About HW vs SW-RAID itself. I'm not using HW-RAID anymore unless it is a box with an EMC logo on it for example. For everything else I just switched back to SW-RAID many moons again for a few very simple reasons.

  1. You need additional hardware and need to match them. You also need to match the firmware and keep that in sync. A lot of disks will not work correctly and you will spikes in your IO-latency for no clear reason.

  2. Additional hardware is expensive so you can use that additional $1000 (decent controller with two/three disks) for a small solution better. Invest it in more disks and standard controllers, ECC memory, faster CPU. And an on-site spare disk maybe if you plan to run it for a longer than the warranty period or don't want to pay the express fees for overnight shipping.

  3. Upgrading is a pain as you need to keep track of OS-patches and firmware for both disk and controller. It may result in a situation where upgrading/updating isn't possible anymore.
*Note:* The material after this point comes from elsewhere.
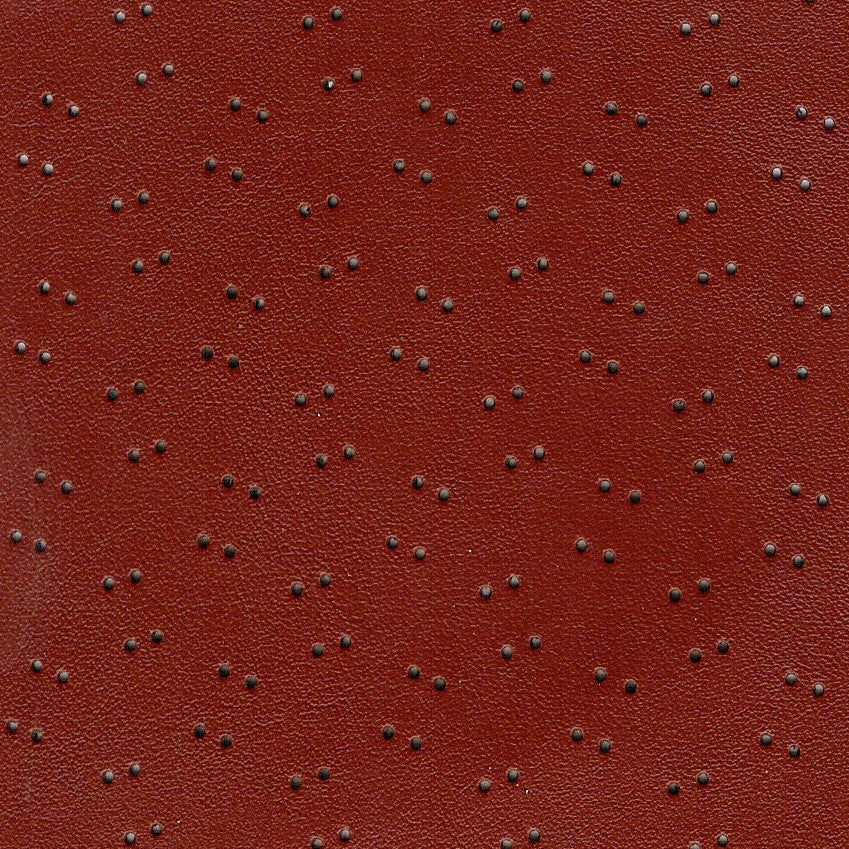 70 CORONET/SUPERBEE/SATELLITE/ROADRUNNER/GTX HARDTOP HEADLINER (FINE PEMBROOK PERFORATED) - BURNT ORANGE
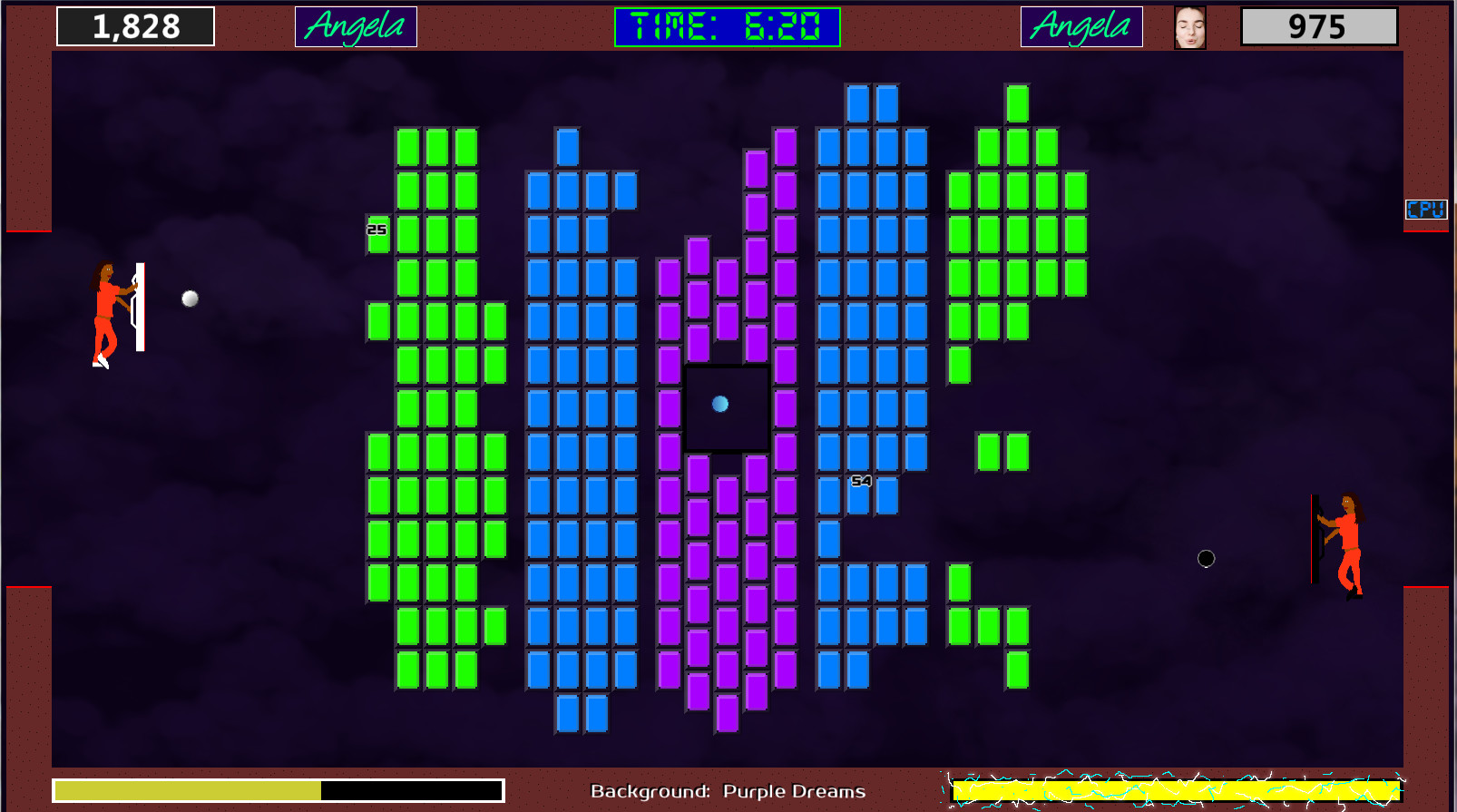 Prison Ball: Full Blown screenshot 5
  4. On disk formats. Enough vendors use some in-house layout to store data that is tied to a revision of your hardware and firmware combination. This may result in a situation where a replacement part makes it for you impossible to access your data.

  5. It is an SPOF and a bottleneck. Having only one controller behind only one PCI-bridge doesn't gives you the performance and redundancy you really need. With this also comes to no migration path exists to migrate data to another diskset outside the controllers reach.

Most of these point have been taken care of with newer generations of SW-RAID software or solutions like ZFS and BtrFS. Keep in mind that in the end you want to protect your data and not fast accessible, but redundant garbage.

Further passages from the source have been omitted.